Ailleurs, dans les montagnes du Kachmir, du Népal, du Sikkim, du Tirol, de la Suisse, où se rencontrent des conditions analogues et où les pasteurs ont également à leur disposition des pierres de toutes formes pour les fondations et les assises, des arbres pour la charpente et l’ameublement, se sont élevés des chalets de semblable architecture, dont les matériaux divers se marient pittoresquement. Lorsque des peuplades eurent appris à vivre de la chair des animaux domestiques, elles eurent aussi à leur disposition les peaux des bêtes sacrifiées et s’en servirent pour tendre des abris au-dessus de leurs têtes dans les plaines rases. Puis les tribus, ayant découvert l’art de tisser les étoffes, trouvèrent par cela même le moyen de dresser des tentes. Ailleurs encore, les hommes, devenus habiles dans la science de durcir la terre par le soleil ou par le feu, connaissaient le moyen de préparer des briques et de les ériger en murailles, de les établir en assises, de les dresser en pyramides.

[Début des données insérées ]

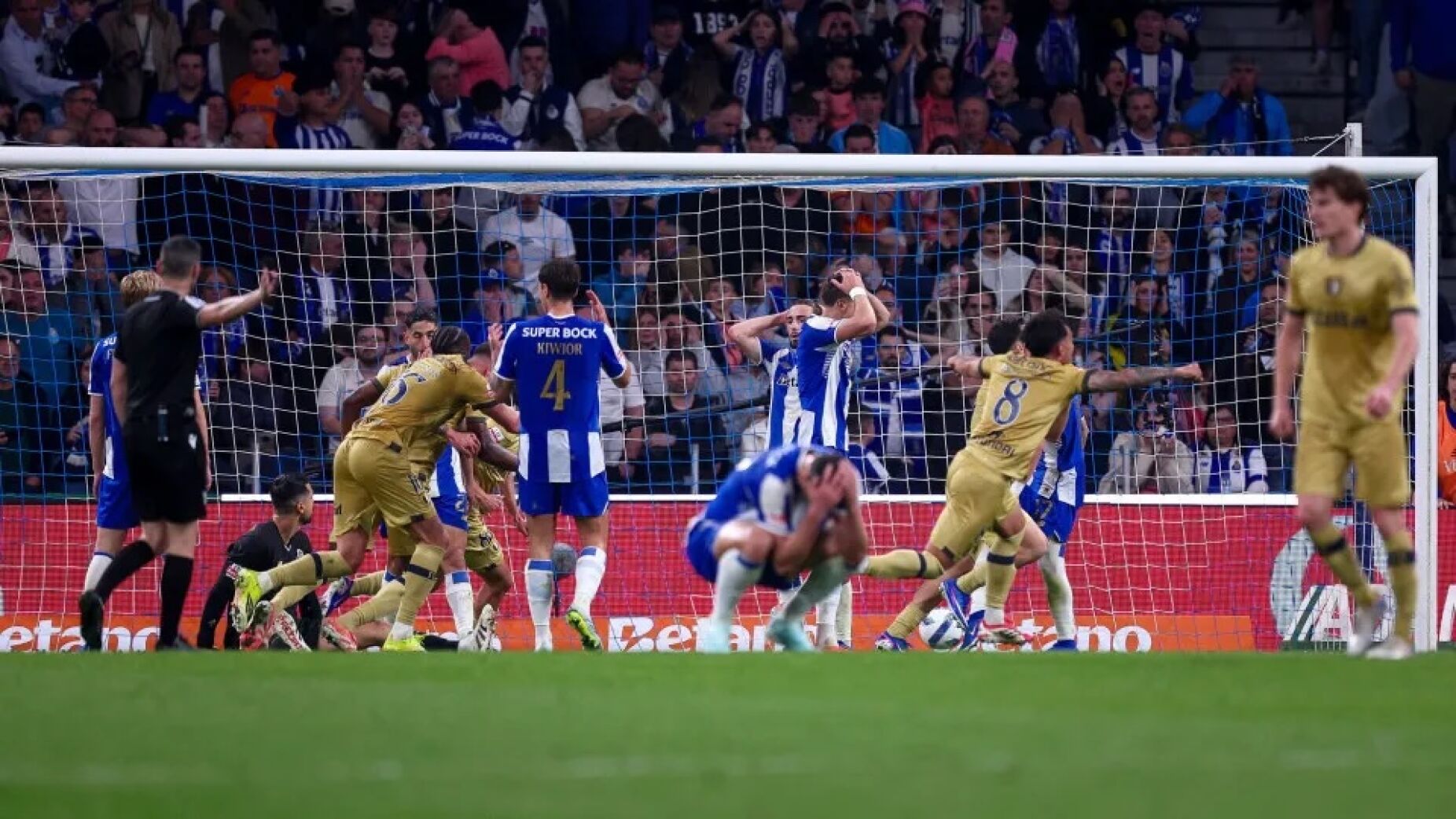 A LUTA PELO T&Iacute;TULO EST&Aacute; LOUCA: Com o Porto a empatar, o Benfica pode ir amanh&atilde; a dois pontos do Sporting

Enfin, de ces diverses formes d’habitation, primitives ou secondaires, naquirent des modes intermédiaires de construction ayant tous quelque trait distinctif suivant le milieu local et le milieu d’origine, car, en changeant de territoires, les constructeurs se rappellent toujours l’aspect des demeures qu’ils habitaient dans leur première patrie[1]. C’est ainsi que dans la Guyane anglaise, des tribus de l’intérieur, Arecuna, Macusi et autres Caraïbes, se construisirent des cabanes exactement pareilles à celles de leurs frères ou initiateurs, les Uaraun ou Guaraunos du littoral vaseux. Bien que leur pays de savanes à sol parfaitement sec se trouve en d’autres conditions que celui du delta de l’Orénoque, ces Indiens bâtissent aussi des cabanes sur pilotis et les pieux qu’ils emploient appartiennent à la même

  1. Viollet le Duc, Histoire de l’Habitation humaine, p. 358.